DelMar also provided an overview of three upcoming clinical trials with VAL-083 for the treatment of chemo-resistant GBM. A copy of the company’s poster presentation entitled ‘Clinical Trials of VAL-083 in Patients with Chemo-Resistant Glioblastoma’ can be viewed at View Source The planned trials include:

1. A pivotal, randomized multi-center Phase 3 study measuring survival outcomes compared to a "physicians’ choice" control for the treatment of bevacizumab-failed GBM. A summary of the proposed clinical trial design includes:

Approximately 180 patients with histologically confirmed recurrent GBM who have failed both standard chemo-radiation and bevacizumab will be randomized in a 2:1 fashion to receive either VAL-083 or a commonly used salvage chemotherapy;
The proposed study is projected to be enrolled at approximately 25 centers;
The proposed primary endpoint is overall survival (OS);
The proposed statistical design between the two arms of the study is 90% power, and is proposed to include an interim analysis at 50% events for futility with O’Brien-Fleming superiority boundary and non-binding, gamma (-5) futility boundary; and
The estimated length of the proposed study is less than two years from initiation.
The proposed trial design is subject to feedback from the FDA and other regulatory authorities. DelMar plans to submit the protocol to the FDA in coming weeks.

2. An open label, single-arm, biomarker-driven, Phase 2 study of VAL-083 in patients with MGMT-unmethylated, bevacizumab-naïve recurrent GBM (clinicaltrials.gov identifier: NCT02717962)
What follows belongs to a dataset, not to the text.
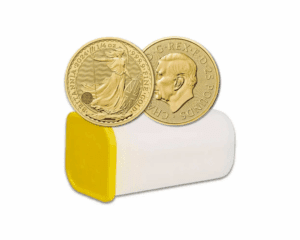 2024 – British Royal Mint Britannia (BU) 1/4 oz Gold Coins (Tube of 25 coins)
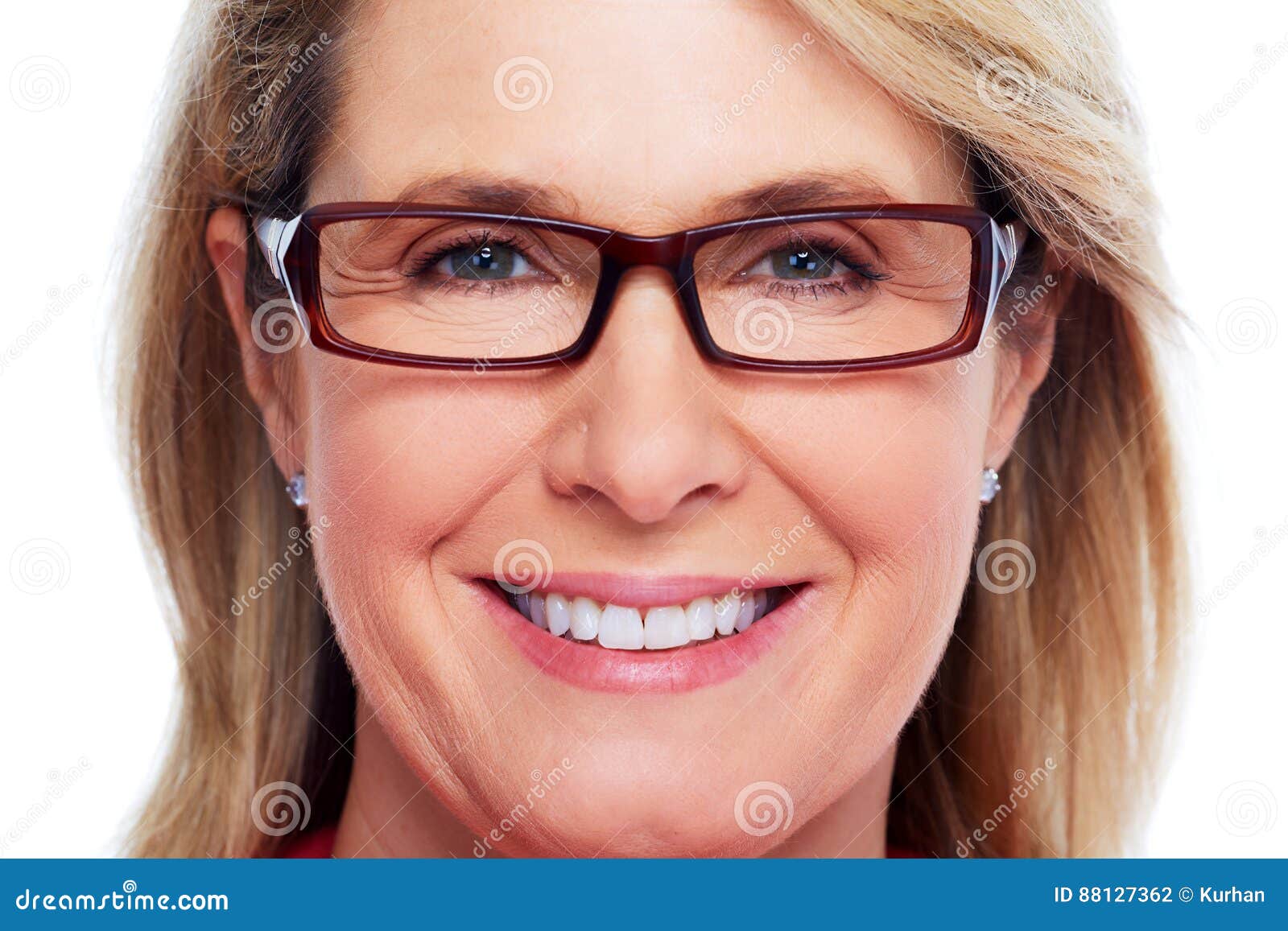 Beautiful Elderly Lady Wearing Eyeglasses. Stock Photo Image of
This single arm, biomarker-driven study will enroll 48 patients to determine if treatment of MGMT-unmethylated recurrent glioblastoma with VAL-083 improves overall survival (OS), compared to historical reference control;
The lomustine arm of the recently published EORTC26101 trial will serve as the reference control; and
The study is initially being enrolled at the University of Texas MD Anderson Cancer Center as a single center trial, but may be expanded to include additional centers.
This trial is being conducted in collaboration with the University of Texas MD Anderson Cancer Center ("MDACC"). The MDACC Institutional Review Board (IRB) has approved the protocol for this Phase II Study, and DelMar has completed a formal site initiation visit. DelMar and MDACC anticipate commencing enrollment and initiating patient treatment in the coming weeks.
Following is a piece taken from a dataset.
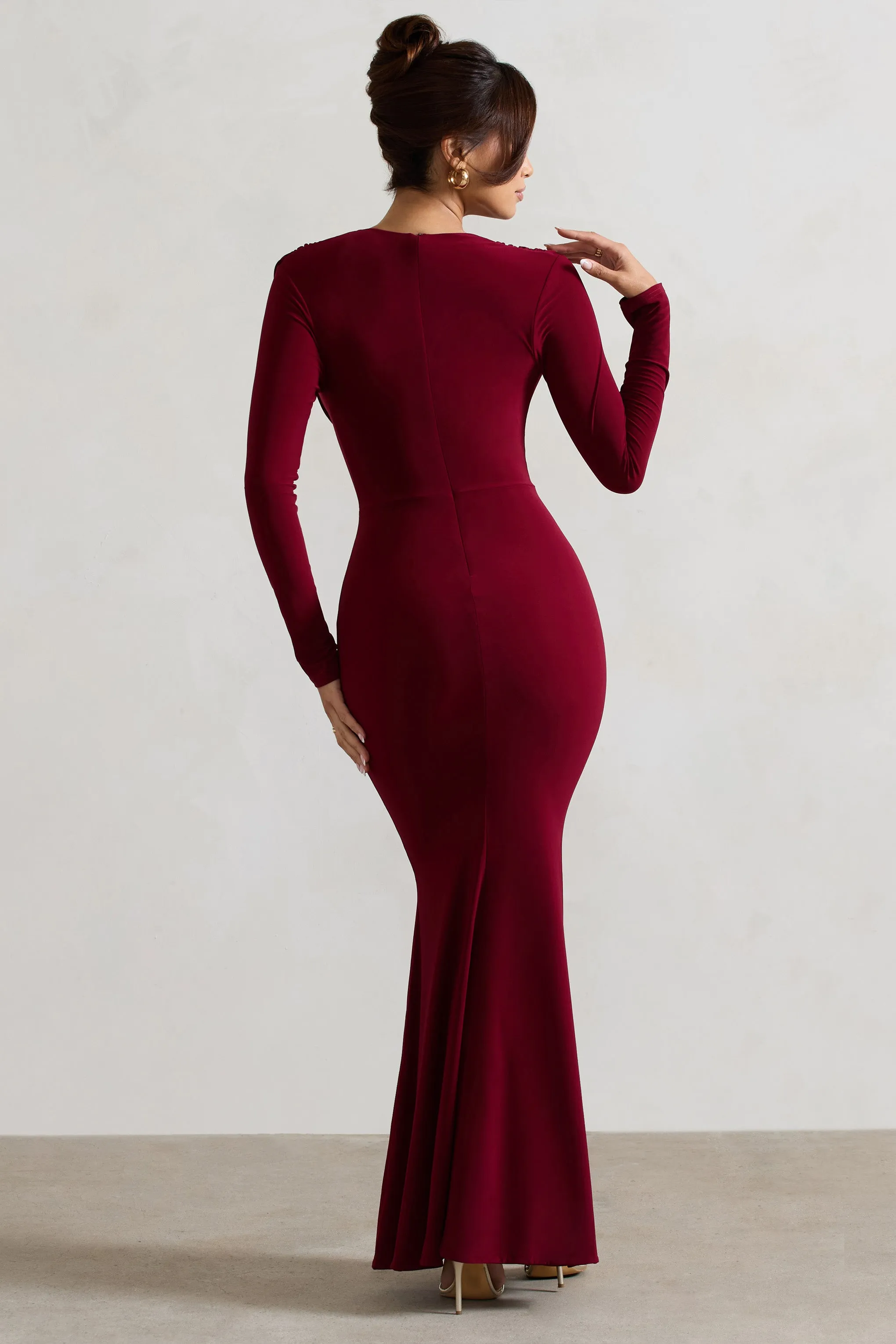 Heavy Heart | Berry Cowl-Neck Long-Sleeve Maxi Dress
3. An open label, single-arm, biomarker-driven, Phase 2 study of VAL-083 and radiation therapy patients in newly diagnosed MGMT-unmethylated GBM

This single-arm trial will enroll up to 30 newly diagnosed (temozolomide-naïve) GBM patients to examine whether VAL-083 is active in patients with newly diagnosed GBM with MGMT-unmethylated compared to historical control;
If successful, data from the trial will serve as a lead-in to a global randomized Phase II/III clinical trial of VAL-083 in newly diagnosed GBM patients with MGMT-unmethylated;
Progression free survival (PFS) will serve as the primary endpoint to assess VAL-083 treatment activity;
The study will also confirm the safety and tolerability of VAL-083 in combination with a standard-of-care radiation regimen; and
The study will initially be enrolled at the Sun-Yat Sen University (Guangzhou, China) as a single center trial, but may be expanded to include additional centers.
This trial is being conducted in collaboration with Guangxi Wuzhou Pharmaceutical (Group) Co. Under the terms of the company’s collaboration agreement Guangxi Wuzhou Pharmaceuticals is providing drug product and funding for the trial. The Sun-Yat Sen University Clinical Review Committee has approved the protocol and DelMar is completing the final remaining regulatory steps required for initiation of the trial and expects to begin enrollment in early 2017.

In a separate poster presentation, DelMar provided additional non-clinical data regarding VAL-083’s unique anti-cancer mechanism and potential combination therapies. DelMar’s poster presentation, entitled ‘Molecular Mechanisms of Dianhydrogalactitol (VAL-083) in Overcoming GBM Chemo-resistance’ can be viewed on the company’s website at: View Source

In summary, DelMar’s data indicates that:

The mechanism of action of VAL-083 is distinct from other alkylating agents used in the treatment of CNS tumors;
VAL-083 induces irreparable DNA double strand breaks, irreversible S/G2-phase arrest and activation of the homologous recombination DNA repair pathway;
VAL-083’s cytotoxic activity is MGMT-independent and able to overcome TMZ-resistance in GBM cancer stem cells and non-stem cells in vitro;
VAL-083 potentiates radiation in GBM cancer stem cells in vitro;
VAL-083’s activity appears independent of p53; and
VAL-083 displays synergy with a number of agents used in the treatment of GBM and other CNS tumors, including temozolomide, topoisomerase inhibitors, and platinum-based chemotherapy.
"These data are particularly valuable because they demonstrate the potential to combine VAL-083 with topoisomerase inhibitors, which are regularly used in the treatment of recurrent GBM," added Mr. Bacha. "Topoisomerase inhibitors such as irinotecan and etoposide have a relatively narrow therapeutic window and require cells to be in the ‘S-phase’ of the cell cycle for activity. Because VAL-083 causes cell-cycle arrest in the S-phase these data suggest an opportunity to combine VAL-083 with a lower and better tolerated dose of a topoisomerase inhibitor while maintaining or improving efficacy."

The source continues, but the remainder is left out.